What to produce: Your task is to copy the listing exactly. Drop any pictures from the copy.

Data provided:
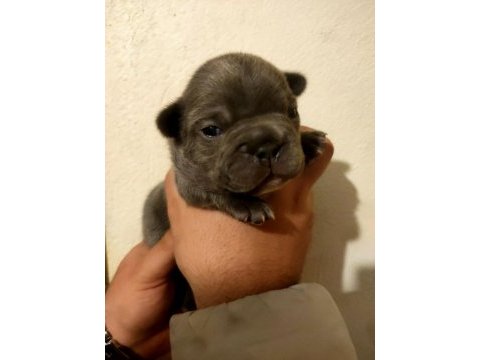 French bulldog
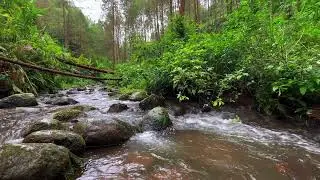 Relaxing Mountain Stream Sounds, Forest river Sounds for deep sleep, stress reliever, and meditation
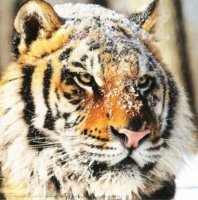 Anonymous-Siberian-tiger-in-a-snow-33654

Your solution:
 French bulldog
 Relaxing Mountain Stream Sounds, Forest river Sounds for deep sleep, stress reliever, and meditation
 Anonymous-Siberian-tiger-in-a-snow-33654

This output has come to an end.